The brown mouse must have at least one B allele (because it's brown). BUT. If the other allele was 'white' (b), then 1/2 of its gametes would get the b allele, so 1/2 of its offspring would end up bb (one b from the brown parent, and one from the white parent), so 1/2 the offspring would be white. But since we have ALL offspring brown, the other allele must also be B, because every single offspring must have a B allele. ==> brown mouse genotype:
BB.
1c: So, each of their kids (F1 generation) have the genotype
Bb, because they get one B from the brown and one b from the white. So now you're crossing a Bb x Bb. Each parent has two possible gametes they pass down, so the punnett square shows the possible options of the next generation depending on which gametes they're 'made of'.
B bB BB Bb
b Bb bb
From this we see that 3/4 of the 2nd generation have the B allele, so 75% of that generation will be brown.

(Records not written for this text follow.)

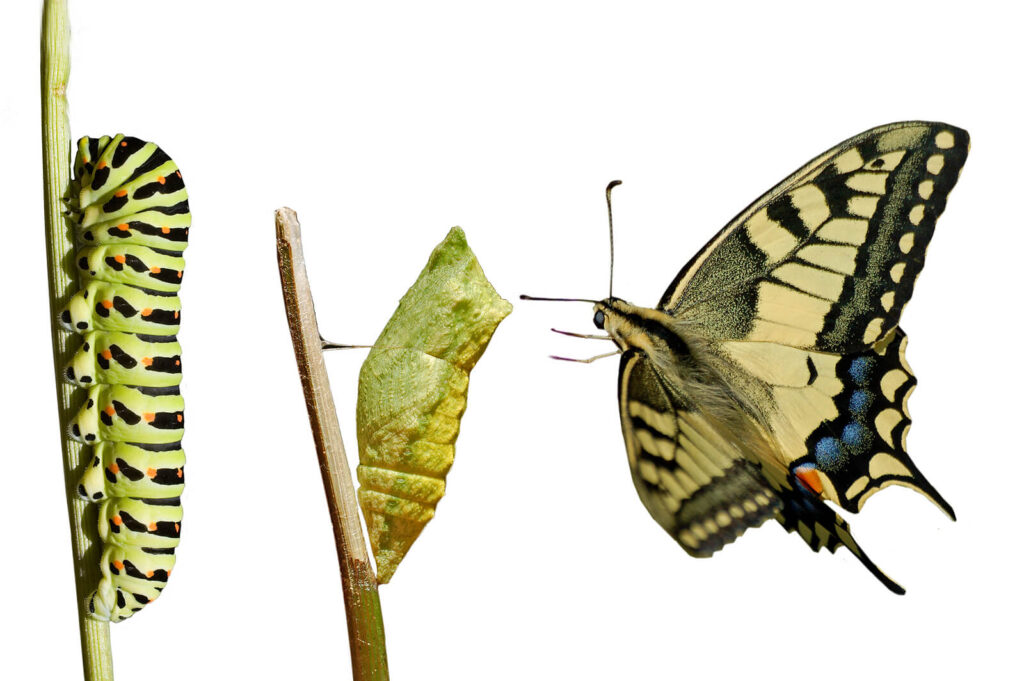 Image of a caterpillar transitioning into a butterfly. If you struggle with managing a major life change, discover how life transitions therapy in Hermosa Beach, CA can help you cope.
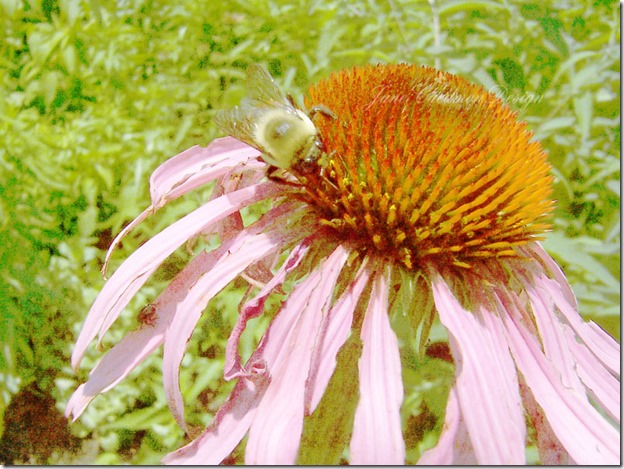 Cornflower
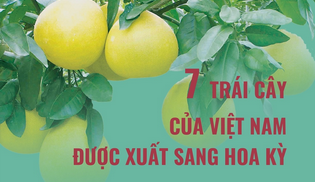 Điểm danh 7 loại trái cây của Việt Nam được xuất sang Hoa Kỳ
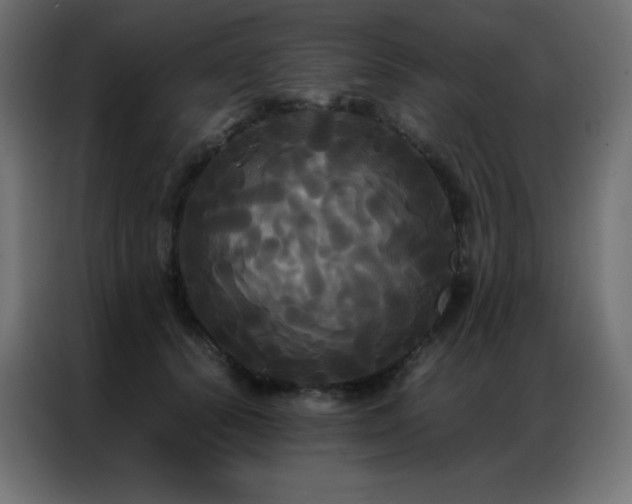 X0000086920656200704161404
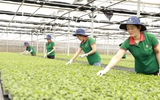 Gia Lai mở lối xuất khẩu nông sản tỉ đô sang thị trường Trung Quốc
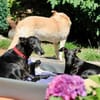 Galga Primavera - lieb, menschenbezogen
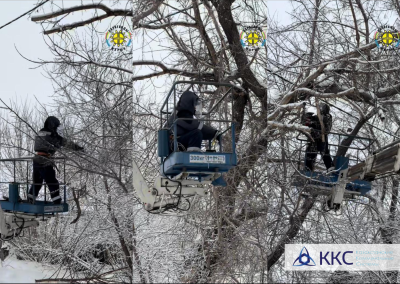 «Караганды Жарык» провело работы по обрезке веток деревьев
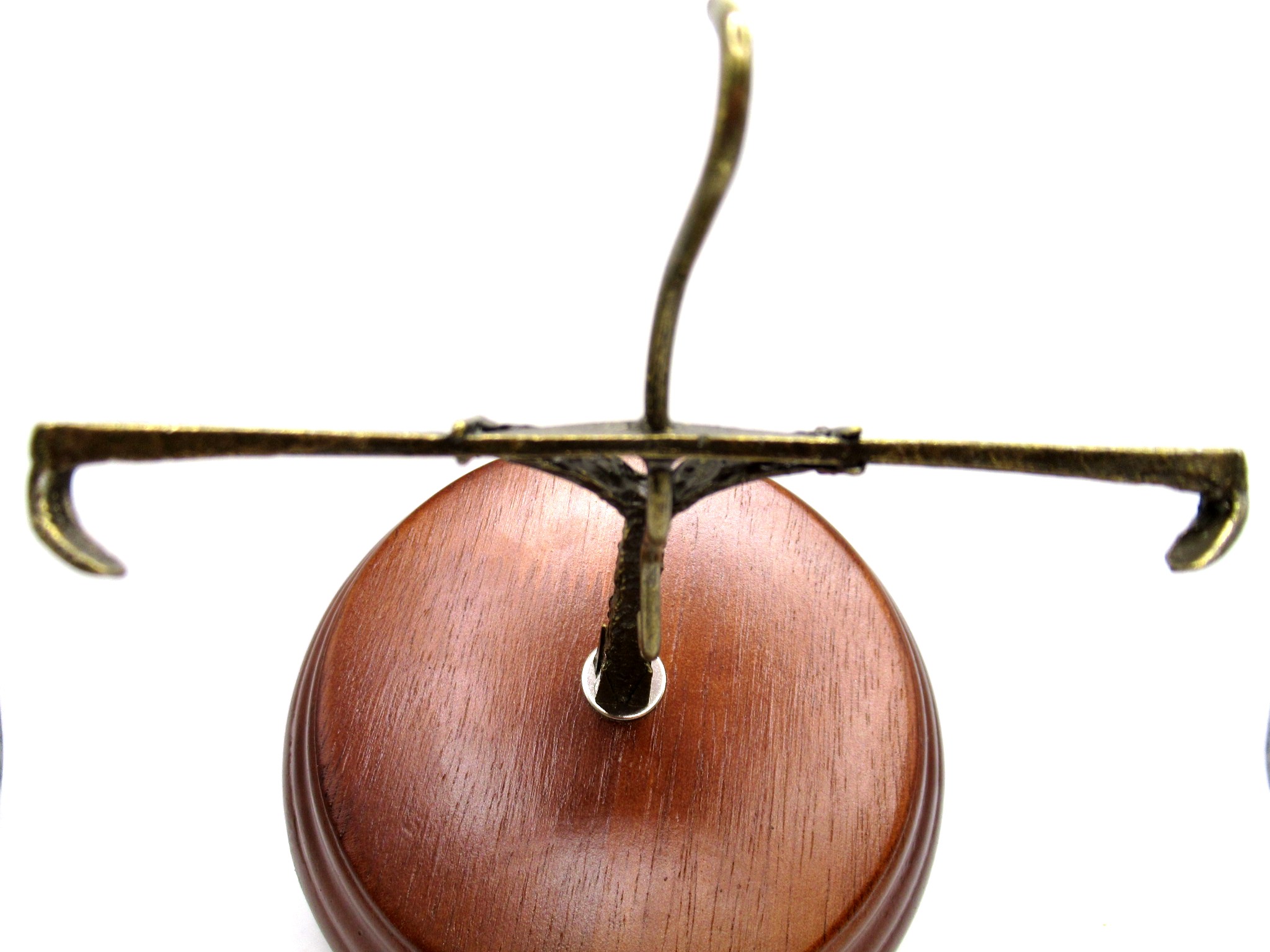 Megalodon Shark Tooth Stand Down | Fossils for Sale Genuine Megalodon Shark Tooth Stand Down for Medium to Large Teeth For Sale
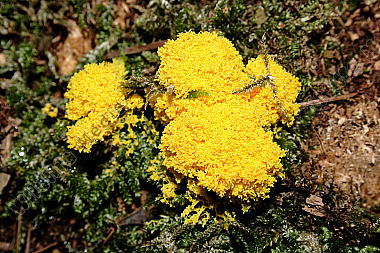 Gelbe Lohblüte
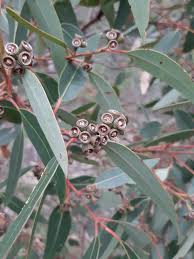 Image result for Eucalyptus sp.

Question 3Let's go with: far-sighted = F, normal = f.
A normal man must have both f, because if he had the dominant F, then that would 'overcome' the f and he'd be far-sighted. ==>
ff.
The far-sighted women must have one F (because she's far-sighted), and her father was normal so he must have been ff, so she must get an f from him. ==>
Ff f fF Ff Ff
f ff ff
1/2 of those (50%) are ff, and thus normal.
Q10The mother's genotype must be
bb, because she's white and thus can't have a B allele. The father must have at least one B, because otherwise he wouldn't be black.
7 black, 6 white suggests about 50/50 in the offspring. Now if the father had BOTH B alleles, then every one of the offspring would get a B allele, so every one of them would be black. This isn't the case, so the father must be [/b]Bb[/b].
Well that was a long explanation. Let me know if anything doesn't make sense.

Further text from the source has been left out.